Task prompt:
Retyping should cover only the lines from the one containing "School Garrison, Michael" through the final line of the records, with pictures omitted.

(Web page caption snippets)
───

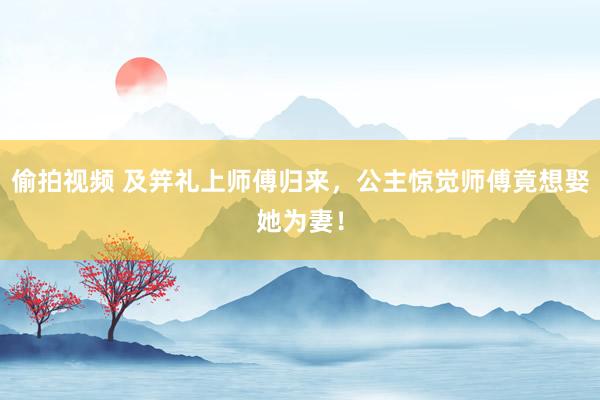 偷拍视频 及笄礼上师傅归来，公主惊觉师傅竟想娶她为妻！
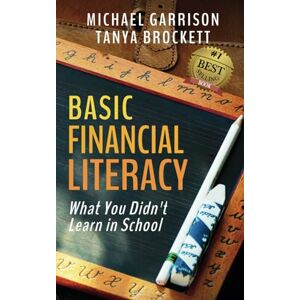 Garrison, Michael Basic Financial Literacy: What You Didn't Learn in School Garrison, Michael Basic Financial Literacy: What You Didn't Learn in School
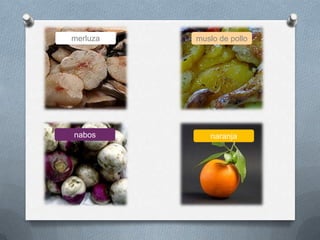 naranjanabos
muslo de pollomerluza
 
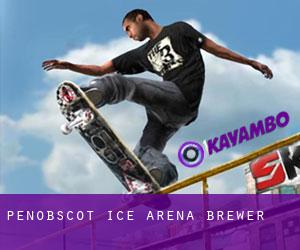 Penobscot Ice Arena (Brewer)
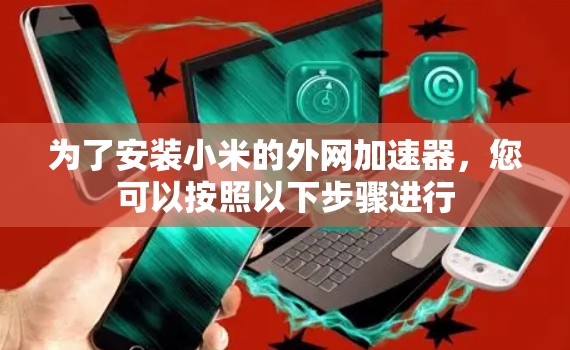 为了安装小米的外网加速器,您可以按照以下步骤进行 为了安装小米的外网加速器,您可以按照以下步骤进行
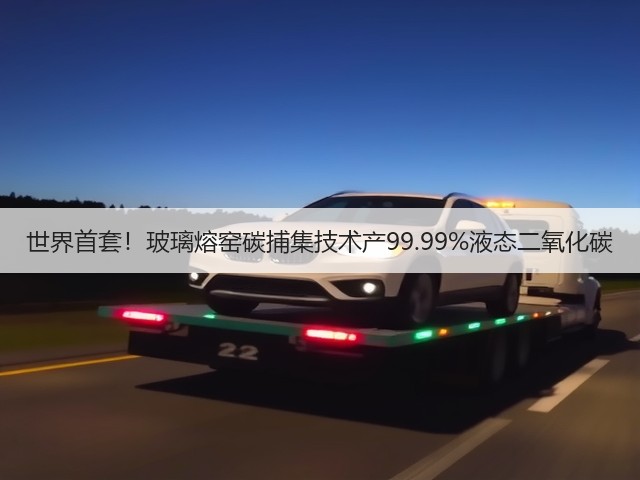 世界首套！玻璃熔窑碳捕集技术产99.99%液态二氧化碳(图3)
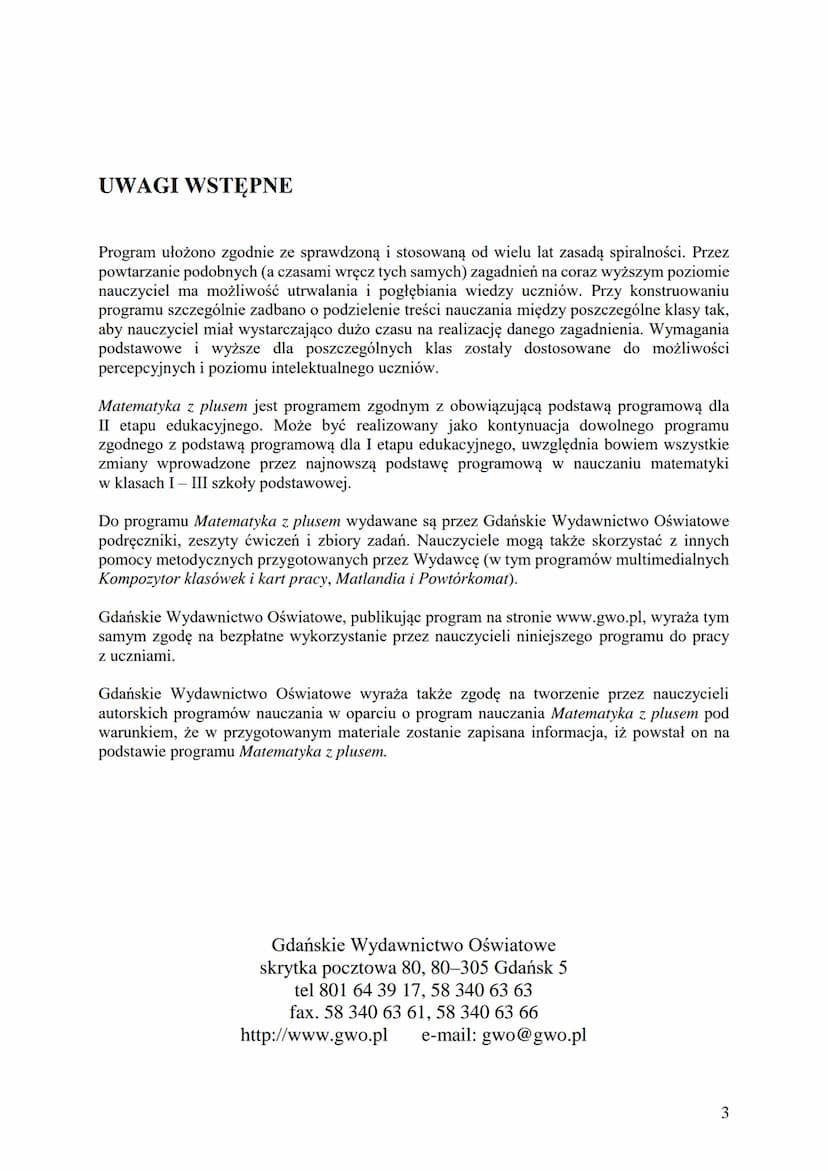 Matematyka z plusem
Program nauczania matematyki
dla drugiego etapu edukacyjnego
(klasy IV - VIII szkoły podstawowej)
Program zbieżny z rozp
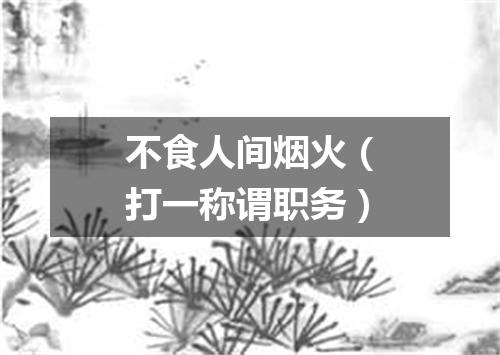 不食人间烟火（打一称谓职务）
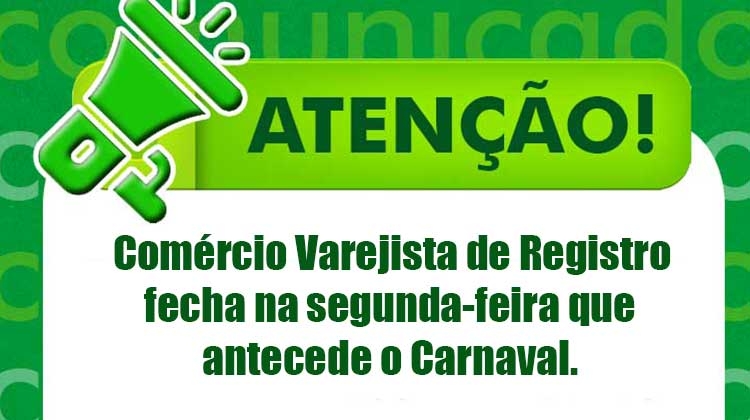 Notícia: Comércio Varejista de Registro fecha na segunda-feira que antecede o Carnaval.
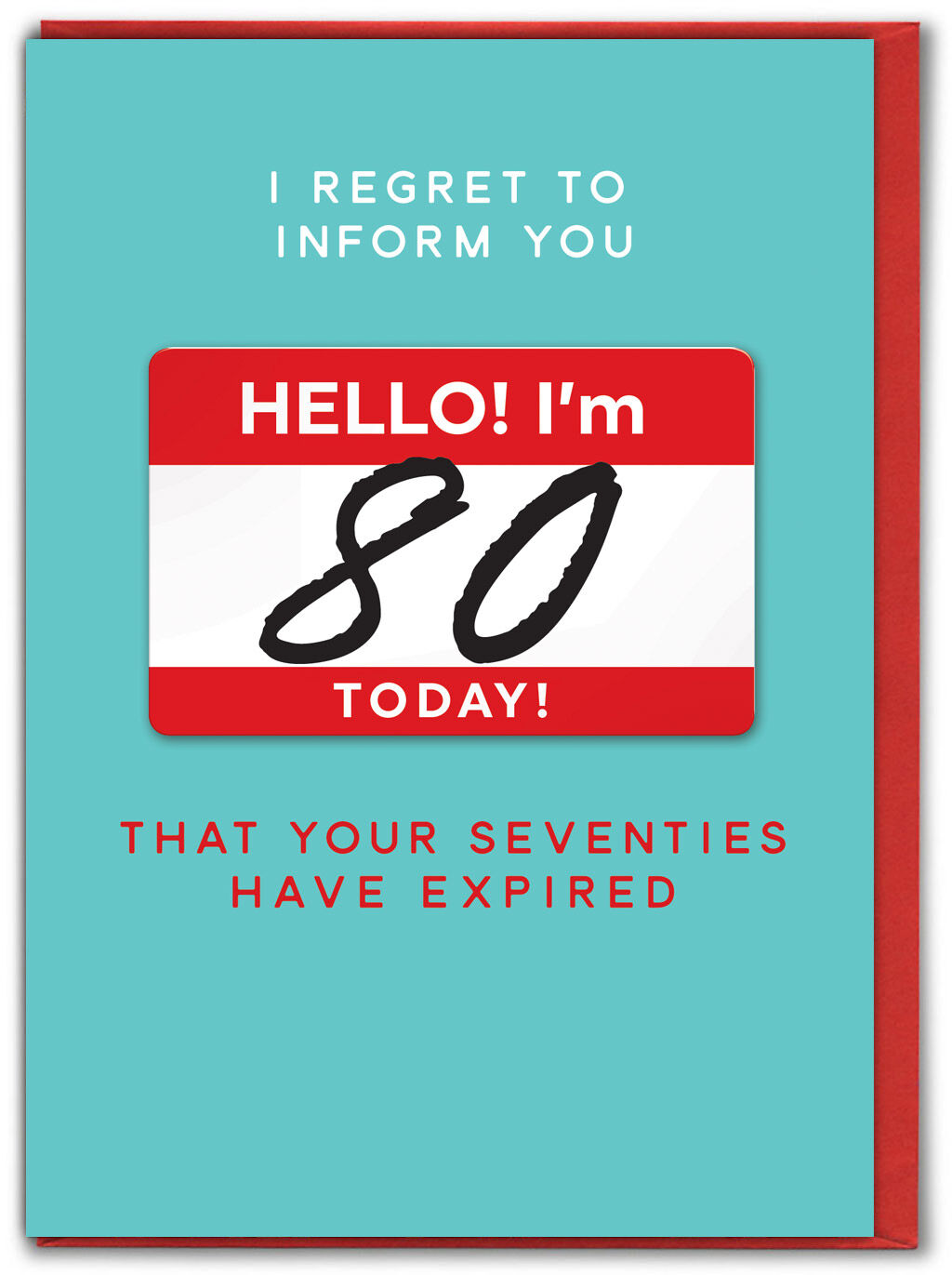 Funny Milestone Age Card - 80th Birthday by Brainbox Candy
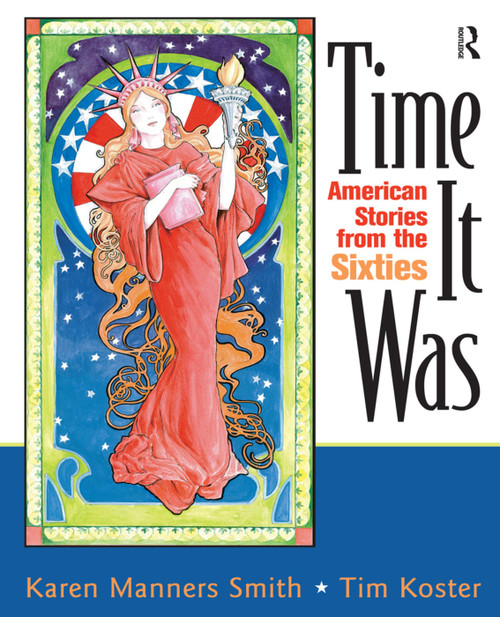 Time It Was (American Stories from the Sixties) by Karen Manners Smith, 9780131840775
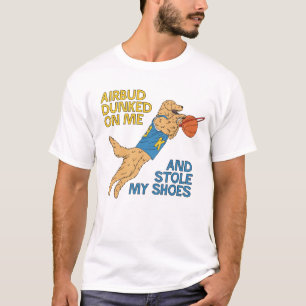Air Bud Dunked On Me - Funny Basketball T-Shirt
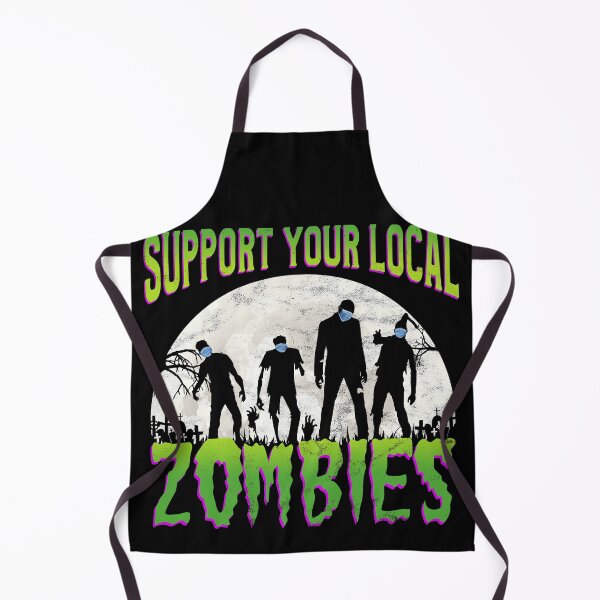 Item preview, Support your local zombies - Funny  2020 Halloween designed and sold by majuga.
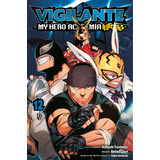 Livro Vigilante My Hero Academia Illegals Vol. 12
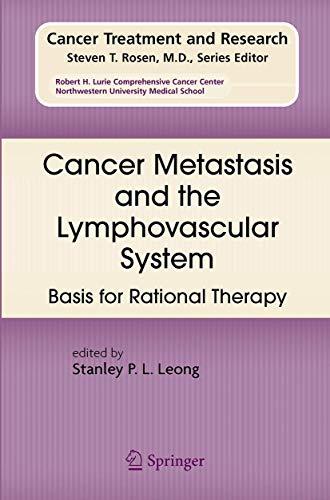 9780387692180: Cancer Metastasis and the Lymphovascular System:: Basis for Rational Therapy (Cancer Treatment and Research, 135)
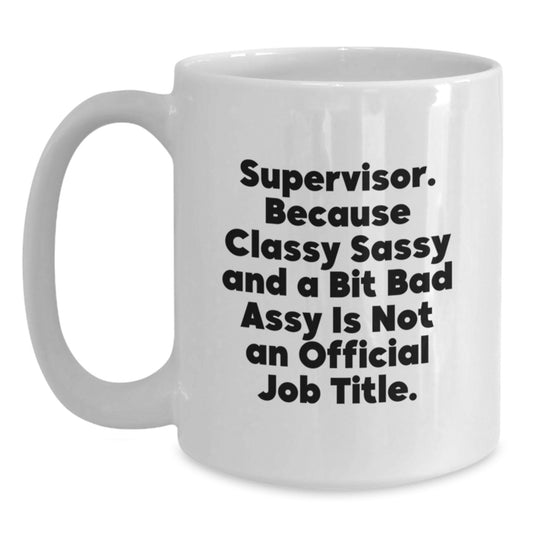 Funny Supervisor Gifts from Friends for Supervisor White Coffee Mug Christmas Unique Ideas - Main
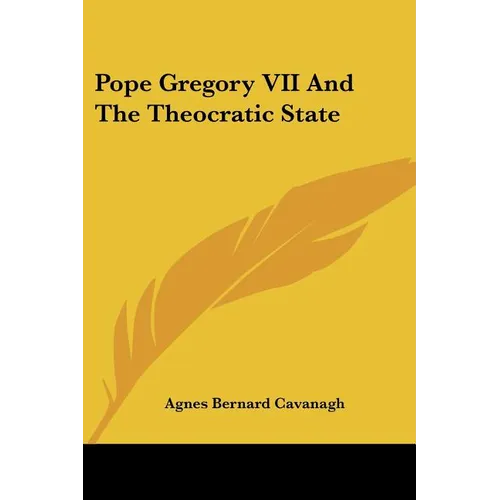 Pope Gregory VII And The Theocratic State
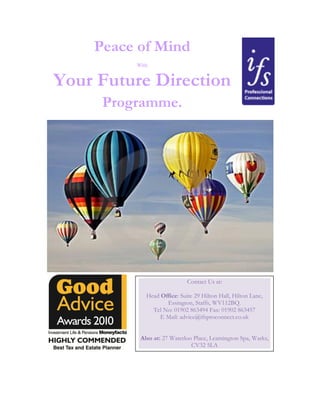 Peace of Mind
With
Your Future Direction
Programme.
Contact Us at:
Head Office: Suite 29 Hilton Hall, Hilton Lane,
Essington, Staffs, WV112BQ.
Tel No: 01902 863494 Fax: 01902 863457
E Mail: advice@ifsproconnect.co.uk
Also at: 27 Waterloo Place, Leamington Spa, Warks,
CV32 5LA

───

The completed task:
 Garrison, Michael Basic Financial Literacy: What You Didn't Learn in School Garrison, Michael Basic Financial Literacy: What You Didn't Learn in School
 naranjanabos
muslo de pollomerluza
 
 Penobscot Ice Arena (Brewer)
 为了安装小米的外网加速器,您可以按照以下步骤进行 为了安装小米的外网加速器,您可以按照以下步骤进行
 世界首套！玻璃熔窑碳捕集技术产99.99%液态二氧化碳(图3)
 Matematyka z plusem
Program nauczania matematyki
dla drugiego etapu edukacyjnego
(klasy IV - VIII szkoły podstawowej)
Program zbieżny z rozp
 不食人间烟火（打一称谓职务）
 Notícia: Comércio Varejista de Registro fecha na segunda-feira que antecede o Carnaval.
 Funny Milestone Age Card - 80th Birthday by Brainbox Candy
 Time It Was (American Stories from the Sixties) by Karen Manners Smith, 9780131840775
Air Bud Dunked On Me - Funny Basketball T-Shirt
 Item preview, Support your local zombies - Funny  2020 Halloween designed and sold by majuga.
 Livro Vigilante My Hero Academia Illegals Vol. 12
 9780387692180: Cancer Metastasis and the Lymphovascular System:: Basis for Rational Therapy (Cancer Treatment and Research, 135)
 Funny Supervisor Gifts from Friends for Supervisor White Coffee Mug Christmas Unique Ideas - Main
 Pope Gregory VII And The Theocratic State
 Peace of Mind
With
Your Future Direction
Programme.
Contact Us at:
Head Office: Suite 29 Hilton Hall, Hilton Lane,
Essington, Staffs, WV112BQ.
Tel No: 01902 863494 Fax: 01902 863457
E Mail: advice@ifsproconnect.co.uk
Also at: 27 Waterloo Place, Leamington Spa, Warks,
CV32 5LA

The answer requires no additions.